Activity: What follows are records. Restate all of them word for word.

= = = = = = =

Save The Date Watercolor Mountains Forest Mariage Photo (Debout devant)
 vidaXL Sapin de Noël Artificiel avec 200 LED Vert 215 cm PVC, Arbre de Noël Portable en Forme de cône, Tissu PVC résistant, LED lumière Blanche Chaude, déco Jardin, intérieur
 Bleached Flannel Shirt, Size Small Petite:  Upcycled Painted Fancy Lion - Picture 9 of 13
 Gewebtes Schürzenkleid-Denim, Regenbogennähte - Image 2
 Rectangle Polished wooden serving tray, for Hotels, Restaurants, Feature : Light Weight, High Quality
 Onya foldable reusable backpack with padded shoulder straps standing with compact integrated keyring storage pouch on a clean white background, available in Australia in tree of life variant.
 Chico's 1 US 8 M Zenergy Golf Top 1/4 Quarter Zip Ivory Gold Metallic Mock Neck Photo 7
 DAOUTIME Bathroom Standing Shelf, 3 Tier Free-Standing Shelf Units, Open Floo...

= = = = = = =

Answer to this task:
Save The Date Watercolor Mountains Forest Mariage Photo (Debout devant)
 vidaXL Sapin de Noël Artificiel avec 200 LED Vert 215 cm PVC, Arbre de Noël Portable en Forme de cône, Tissu PVC résistant, LED lumière Blanche Chaude, déco Jardin, intérieur
 Bleached Flannel Shirt, Size Small Petite:  Upcycled Painted Fancy Lion - Picture 9 of 13
 Gewebtes Schürzenkleid-Denim, Regenbogennähte - Image 2
 Rectangle Polished wooden serving tray, for Hotels, Restaurants, Feature : Light Weight, High Quality
 Onya foldable reusable backpack with padded shoulder straps standing with compact integrated keyring storage pouch on a clean white background, available in Australia in tree of life variant.
 Chico's 1 US 8 M Zenergy Golf Top 1/4 Quarter Zip Ivory Gold Metallic Mock Neck Photo 7
 DAOUTIME Bathroom Standing Shelf, 3 Tier Free-Standing Shelf Units, Open Floo...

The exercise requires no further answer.